Antes disso pensei em outros filmes. Tentei fazer um filme sobre o Rio à noite, sobre os imigrantes brasileiros que chegavam a Portugal. Fui parando as coisas a meio do caminho por uma razão ou outra, porque era ambicioso, ou não correspondia à realidade com que me apaixonava. Eu consigo viver no Rio de Janeiro hoje porque vivo num lugar que não é uma redoma de vidro, não vivo num condomínio, num universo de pessoas que afastam uma realidade. Vivo num bairro agradável, de Santa Teresa, onde vejo a cidade inteira, como em Lisboa vejo o Tejo, o Castelo, é uma coisa que eu gosto. Lisboa é uma cidade que foi descaracterizada e destruída pelo turismo, nos últimos anos, transformando a cidade numa espécie de cartão-postal falso, completamente Disneylândia para turista. O Rio de Janeiro não sofreu esse processo, mas outro, foi desfigurado progressivamente por uma construção feroz que despreza o património. E nos valores humanos isso também se transporta. Tentei encontrar as pessoas que eram fieis depositárias daquilo. O João Moreira Sales, que é um cineasta que muito admiro, quando viu este filme, disse devia ser vendido nas farmácias e exibido em praça pública, para reconciliar os brasileiros com o seu país, os que vivem em divórcio com o seu país. Acaba por mostrar um Brasil utópico, com o qual nós sonhamos, em que negros e brancos funcionam de maneira harmónica, ricos e brancos sentam-se ao mesmo lado. Há um Brasil profundo, ancestral, que é carregado pela musicalidade, pela “Carinhoso”, a música que abre o filme, é património de toda aquela nação.

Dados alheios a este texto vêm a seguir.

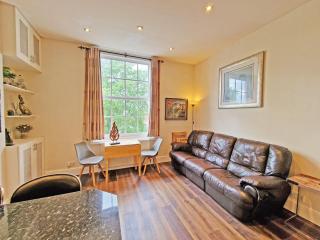 Canal Side 2 Bedroom Apartment - Leamington Spa - 4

Todos eles cantam “Carinhoso”. Não encontrará em 220 milhões de brasileiros um que não saiba cantar “Carinhoso”, é mais ou menos isso. Fui buscar o que restava do meu sonho.

"Neste filme tem pessoas que dizem, claramente, com todas as palavras: até aos oitenta anos não fui feliz, mas agora sou"

Muitas dessas canções fazem parte do imaginário popular?
Há uma questão geracional. As pessoas até 30 anos, conhecem todas aquelas músicas, praticamente. Se o filme tem 30 músicas, conhecem 28 ou 29. Eu conhecia todas menos uma, que era um original. As originais eu não conhecia. Há dois temas originais e um especial, que não conhecia. As outras conhecia todas.

As serestas acontecem por volta de que horas?
Há uma seresta que começa às seis da tarde, mas aos fins de semana há uma às três, sábados e domingos e há outra ao domingo, ao meio-dia. Às segundas não há porque o Museu do Património está fechado.

No filme vê-se a casa de algumas personagens. Foi a casa de muitas pessoas?
Gostaria de ter filmado mais, montei este material com o que tinha de filmagens. Fui a casa de várias pessoas que também não estão no filme, que não coloquei. Há uma ambivalência, dualidade, na doçura, abertura. As pessoas que têm alguns meios têm mais facilidade de vos convidar a casa delas, do que outras que podem ter mais de vergonha. Não é geral. Por vezes não existia facilidade de estar com pessoas, porque havia pessoas com receios de não estar em condições. No entanto, a Beth, aquela pessoa muito pequenininha, que tem 1,25 ou 30 e tem uma espécie de bossa nas costas e quase que não vê. Ela mora num quarto que tem 2 metros por 3, numa vila, como se vê no filme. Tem uma casa de banho lá dentro e ela vive com a filha. Não se vê no filme a filha, porque nem nós cabíamos. Tiínhamos a câmara do lado de fora da porta para a filmar lá dentro. Muito modesto, mas cheio de dignidade, cheio de adoração pelo que faz. Ela mostrava todas as letras que ela aprendida. Ela era daquelas pessoas, como muitos deles, que levantava de manhã, pensando no que vai cantar hoje. Era um conjunto de pessoas que se reunia todos os dias. Há oito serestas semanais e muitos deles vivem para aquilo.

E vemos que é o que lhes dá alegria de viver.
O filme mostra muito claramente… há um preconceito geral da inutilidade da vida e do sentido da vida mundial a partir de uma certa idade. Neste filme tem pessoas que dizem, claramente, com todas as palavras: até aos oitenta anos não fui feliz, mas agora sou.